Some executives are never short on opinions. Asked for his thoughts on the divide between in-store and online return policies, Bud Konheim responded with a mini epistle.
Nicole [Miller] and I have run our company since 1982 without manuals, bureaucratic boards or business school type organization. Most of our policies are formed by our own trial and error, occasionally adopting a business idea from an outside source that we think is worthy. Our return policy is one of those policies that developed from the opening of our first boutique in 1986.
In 1986, department stores dominated the retail scene and they had just started to feel the competitive pressure of “too many stores” (Sandy Parker’s WWD interview October 1976 — “The Country Is Overstored”). Part of their attempt to win customers was to adopt an “anything goes” policy of accepting returns. This led to widespread abuses like buying a dress for Friday night’s date and returning it on Monday for a full cash refund.

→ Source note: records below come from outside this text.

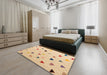 Machine Washable Abstract Brown Gold Rug in a Bedroom, wshabs5347
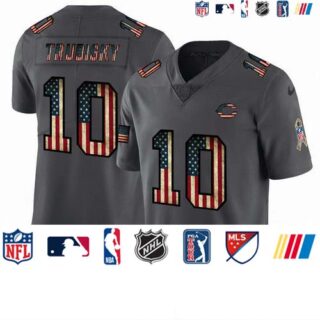 Nike Bears 10 Mitchell Trubisky 2019 Salute To Service USA Flag Fashion Limited Jersey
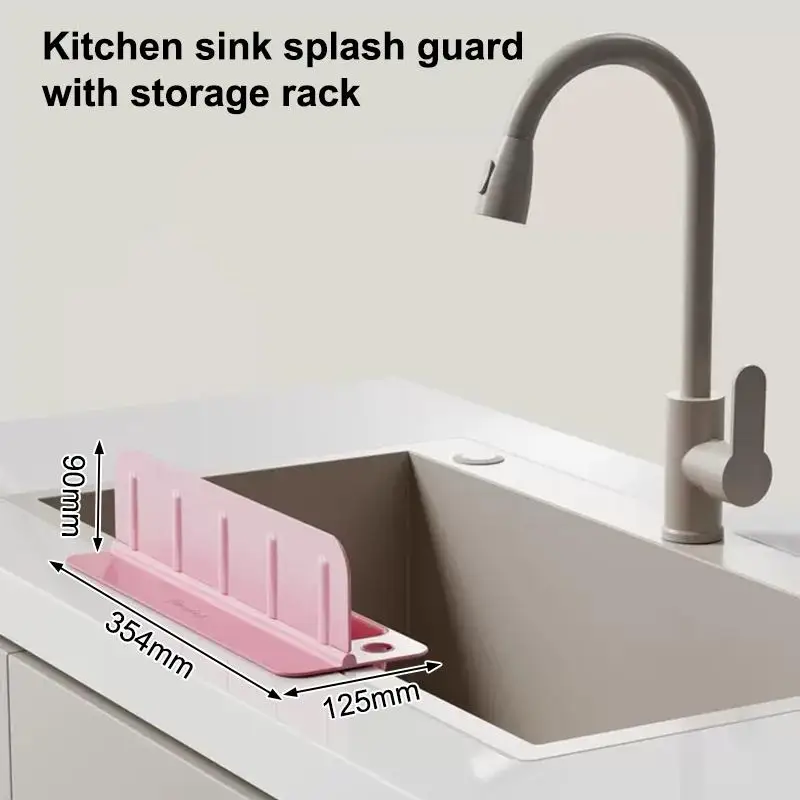 Silicone Sink Splash Guard With Waterproof And Splash-proof Design, Drain And Storage Tray For Dishwashing And Kitchenware.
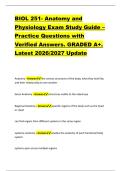 BIOL 251- Anatomy and &NewLine;Physiology Exam Study Guide &ndash; &NewLine;Practice Questions with &NewLine;Verified Answers&period; GRADED A&plus;&period; &NewLine;Latest 2026&sol;2027 Update 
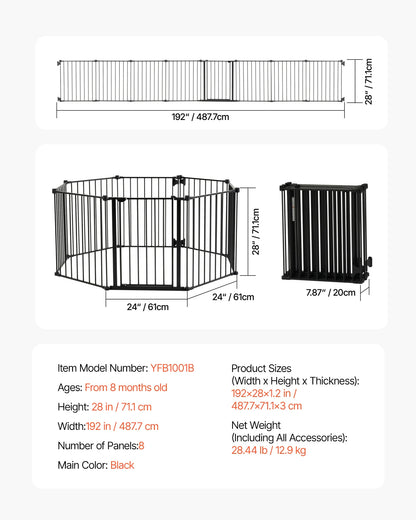SucceBuy Baby Gate 28/30/36 Inches High, Dog Gate Easy Step Walk Thru, Child Pet Security, Pressure Mount Kit w/ Wall Cups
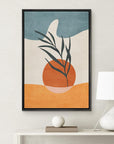 IDEA4WALL Framed Canvas Print Wall Art Sage Green Mid - Century Modern Color Blocks Abstract Shapes Illustrations Modern Art Decorative Minimalist Relax/Cozy Multicolor for Bedroom - 16"x24" Black - From Where - 
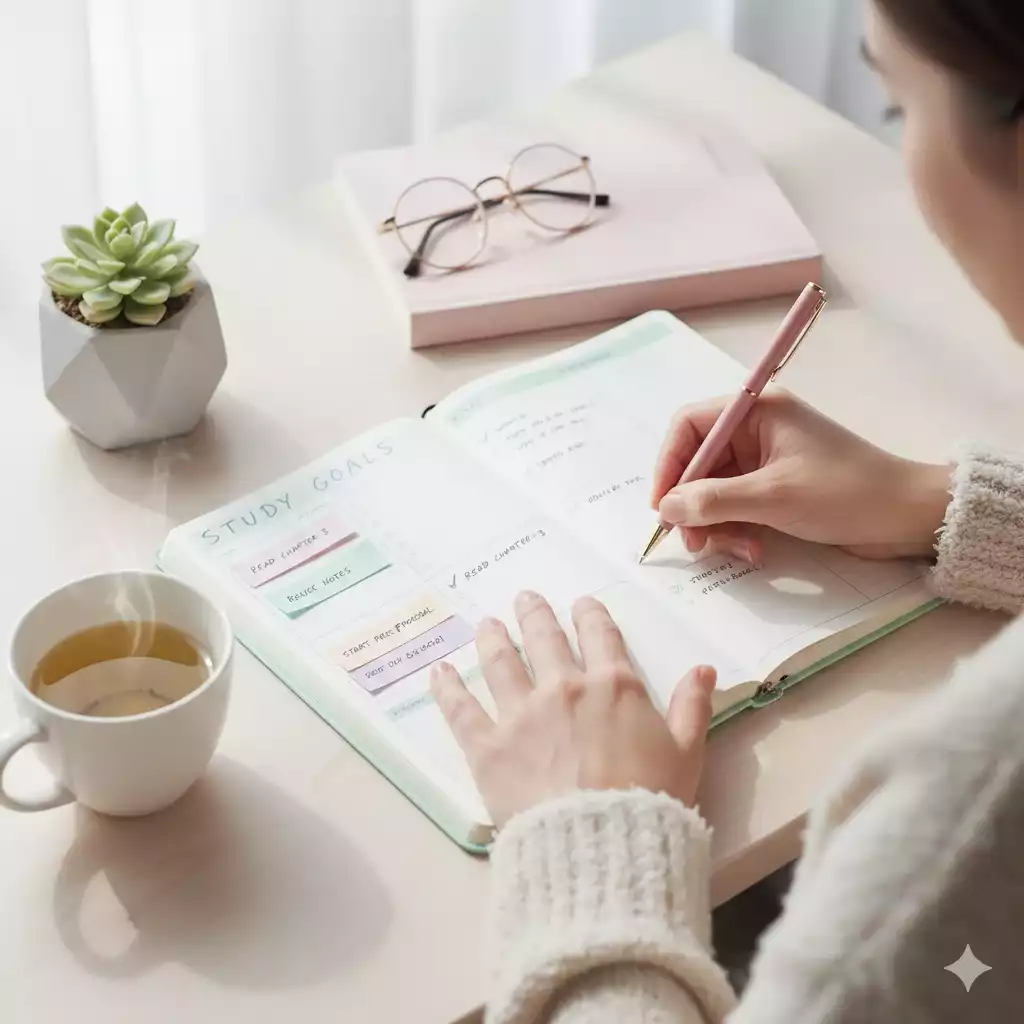 estudante planejando a rotina para manter o estudo foco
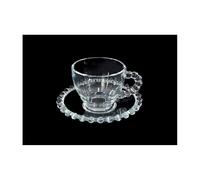 TAZZINE CAFFE' VETRO CONF. 6 PZ. ML.100 CON PIATTINO CROWN TRASP.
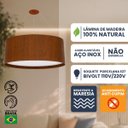 Ver imagem 6 de Lustre Pendente Madeira Redondo 40cm Adrilustres Mel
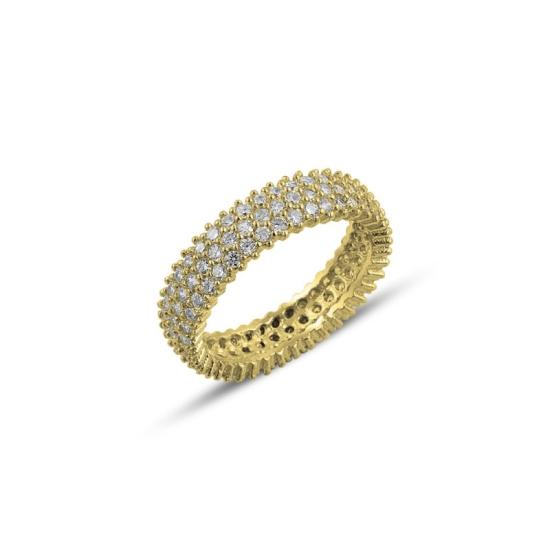 Wholesale Gold Plated CZ 3 Row Eternity Ring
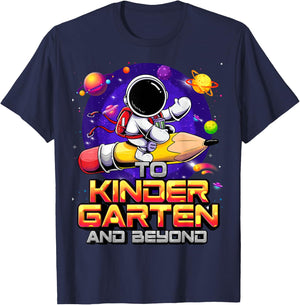 To Kindergarten And Beyond Astronaut Back To School Boys T-Shirt - T-Shirt | Navy
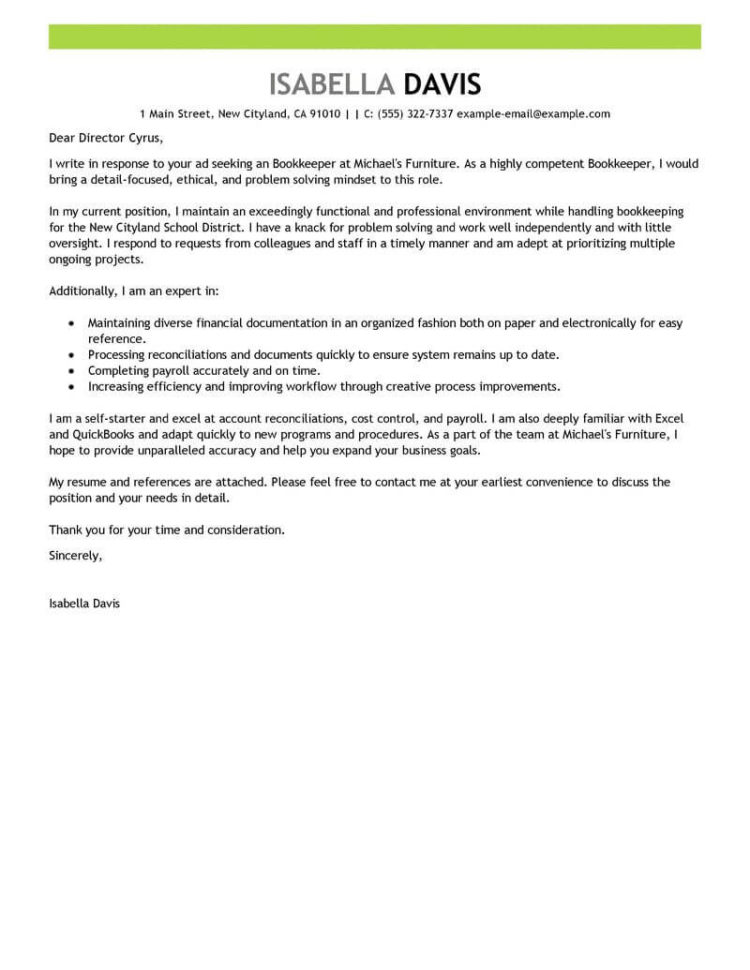 Best Bookkeeper Cover Letter Examples | Livecareer Intended For Bookkeeping Proposal Template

Our boutique was organized to counter the growing impersonality of these department stores and to take special care of each customer — fitting each one carefully, accessorizing them and giving them confidence in the look that they were buying from us. All that special attention costs time and money leading us to our original store policy of no returns.

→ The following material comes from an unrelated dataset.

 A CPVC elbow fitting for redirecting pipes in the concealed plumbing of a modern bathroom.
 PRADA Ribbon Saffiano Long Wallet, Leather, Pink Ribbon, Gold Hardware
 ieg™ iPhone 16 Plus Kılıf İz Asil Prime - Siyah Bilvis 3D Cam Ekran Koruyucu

Because we were also selling some of the department stores the same styles, eventually we had some customers that would spend time in our boutique and then choose to buy the identical style in a nearby department store. That competition and feedback from our salespeople caused us to change our return policy to today’s exchange accommodation.
E-commerce is another new retail idea that is growing and competing rapidly. Since we still indulge our boutique customers with the above special service we end up getting very personal with our boutique “trade.” The e-commerce customer in general is more like department store “traffic” versus trade and does not get or care about the personalized service. They will buy two or three of the same outfit relying on their ability to easily return two of the three that don’t fit or all three of the fabric is not what they expected from the picture.

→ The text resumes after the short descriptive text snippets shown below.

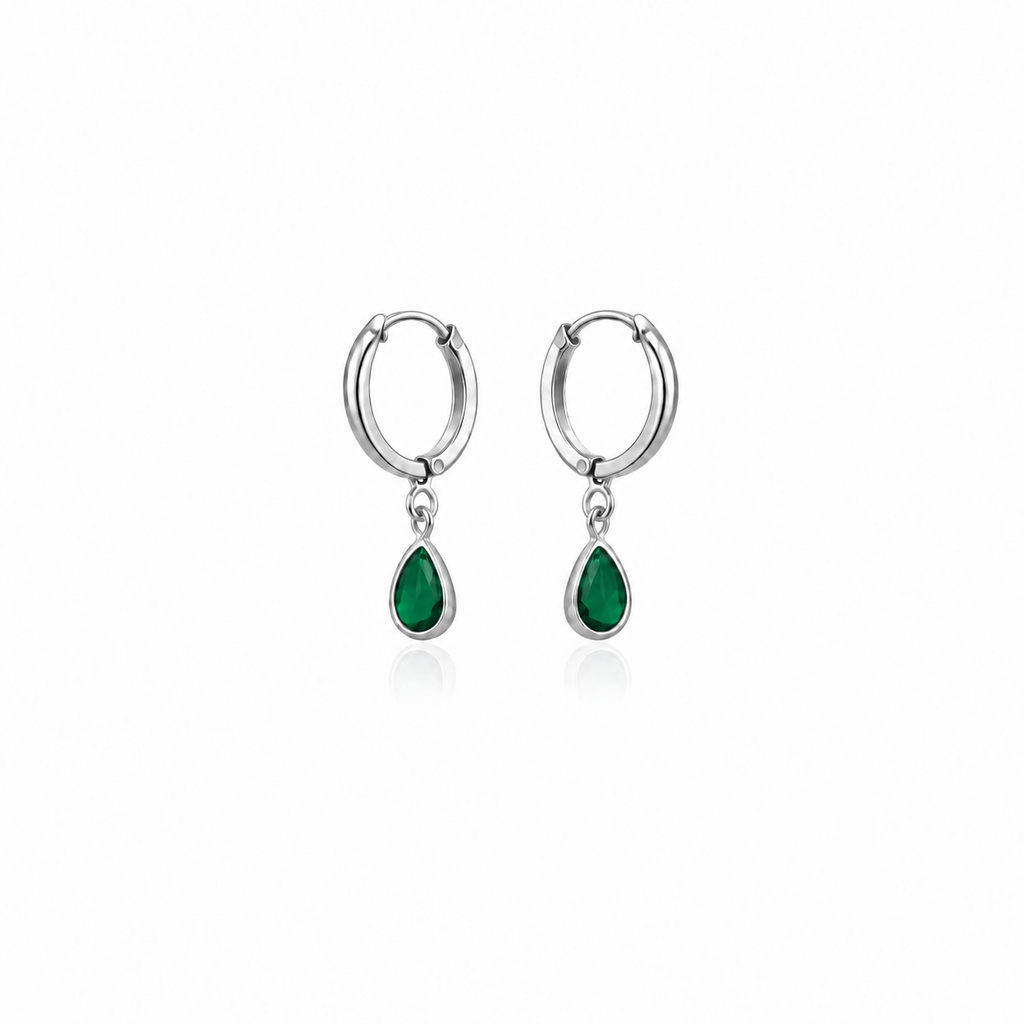 Brincos Argolinha Click Pingente Gota Verde Esmeralda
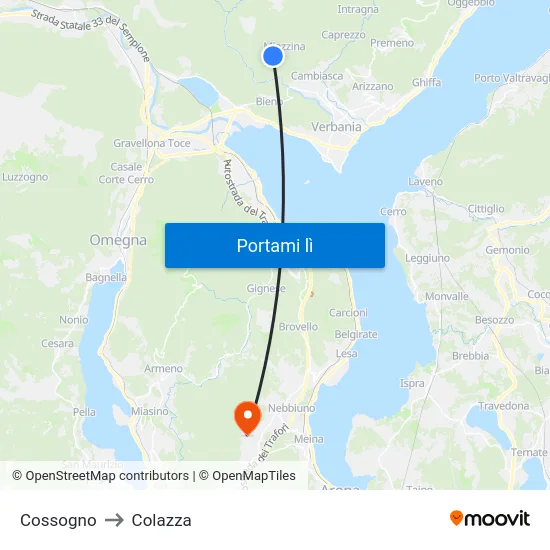 Cossogno to Colazza map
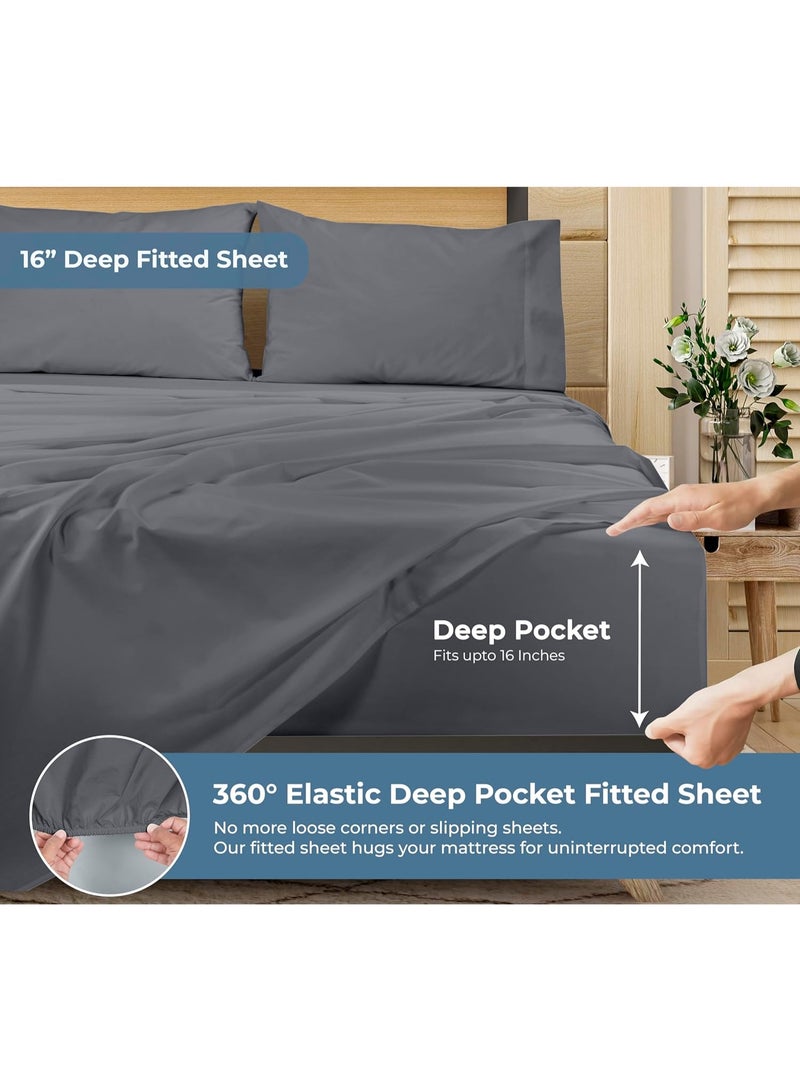 ROYALE LINENS طقم شراشف كوين من القطن العضوي 100% - نسج بيركال - 4 قطع - 1 شريحة مسطحة، 1 شريحة مفصلة بجيب عميق و2 غطاء وسادة - شراشف سرير رمادية كوين - باردة ومنعشة (رمادي) - Image 3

This presents the same problem as the loose department store return policy versus our boutique’s and we have a little bit of the same problem. We deal with it on a case-by-case basis and give the boutique managers wide authority to adjust the policy based on common sense.
What is evolving is the general business model that our industry has accepted for 100 years. Department stores that began as giant downtown emporiums grew and spread out to multiple suburbs each one losing touch and forgetting the specialness of their customer. They compensated first by staying open on Sunday, then all night long and 5 a.m. on Friday post-Thanksgiving. Then came the “sure” competitive winner — the discount wars and the race to zero.
To survive — and eventually thrive — and to finally complete the answer to your question that I think I understand, we developed a program of “boutique exclusives” that let every boutique buyer know that 60 percent to 70 percent of every line would not be sold to a store with more than one location. This two-year-old strategy has resulted in positive feedback and increased sales to 1000-plus boutiques that no longer have to worry about the styles they buy from us being offered at a discount at the same time as they offer them at regular price.
Sorry my answer got overdone, but I got very interested in your question and it’s early in the a.m. We are very passionate about the industry. We have made decisions based on our common sense that has conspired to keep us from growing out of control.